Last updated:
Schema Format Converter
Convert between JSON Schema, TypeScript, GraphQL, Zod, Pydantic, and Go structs. Paste your source format on the left and get the converted output instantly on the right.
How This Works
All conversions use JSON Schema as an intermediate representation. Your JSON Schema input is first parsed into a JSON Schema, then converted to TypeScript Interface output. This hub-and-spoke approach means every format combination works, though direct conversions may produce slightly different results than format-native tooling. All processing happens in your browser — no data is sent to any server.
What this tool does
A modern application stack rarely settles on a single schema format. The API contract lives in OpenAPI, the frontend types live in TypeScript, the runtime validation lives in Zod or Pydantic, the analytics pipeline ingests JSON Schema, and somewhere along the way somebody added a GraphQL gateway. Each of these wants the same shape — a User has an id, an email, a role enum, an optional age — but each demands its own dialect, and keeping six dialects in sync by hand is the kind of work that sounds tractable until the third schema change in a week. This converter does the translation for you.

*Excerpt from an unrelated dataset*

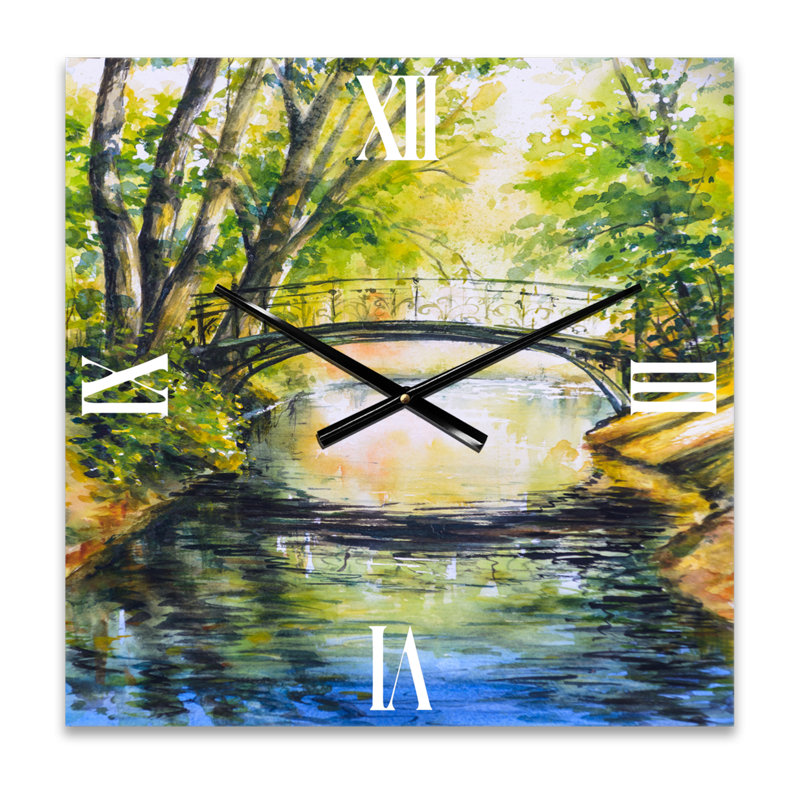 Pont au-dessus d'une eau troublée dans Forest Park - Horloge murale Lake House, Moyen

The architecture is hub-and-spoke. Every input is parsed into JSON Schema as a canonical intermediate, then JSON Schema is emitted in whichever target language you chose. That means adding support for a new format is two converters (in and out) instead of N×N. It also means the conversion is bounded by what JSON Schema can express — Zod refinements, Pydantic validators, and TypeScript conditional types are below that boundary and do not survive the trip. The conversion runs entirely in your browser, so you can paste schemas that contain customer field names or unreleased product domains without touching a network.
When to use the Schema Converter
Adopting Zod on a TypeScript frontend that already has JSON Schema. You have an OpenAPI spec for the backend; the frontend has been using any at the API boundary. Convert the OpenAPI component schemas to Zod, drop the resulting validators into the fetch layer, and pick up runtime validation without rewriting your types.
Migrating a backend from Python to Go. Pydantic models are a structural definition of every payload your service handles. Convert them to JSON Schema, then to Go structs, and you have starting types for the new service in the right shape. The converter handles JSON tags and pointer types for optional fields, which removes most of the manual translation.
Introducing GraphQL on top of a REST API. Your existing JSON Schemas describe the shape of every resource. Convert them to GraphQL SDL as a starting point for your schema-first design — the converter handles non-null markers, list wrappers, and enum generation, leaving you to reconcile the GraphQL-specific concerns (interfaces, unions, custom scalars) by hand.
Prototyping a typed model from a JSON example. An external API returns JSON with no schema documentation. Paste a representative response, choose your target format, and you have a working type definition in seconds. The format inference detects emails, URLs, dates, and UUIDs, so the generated types reflect more than just the structural shape.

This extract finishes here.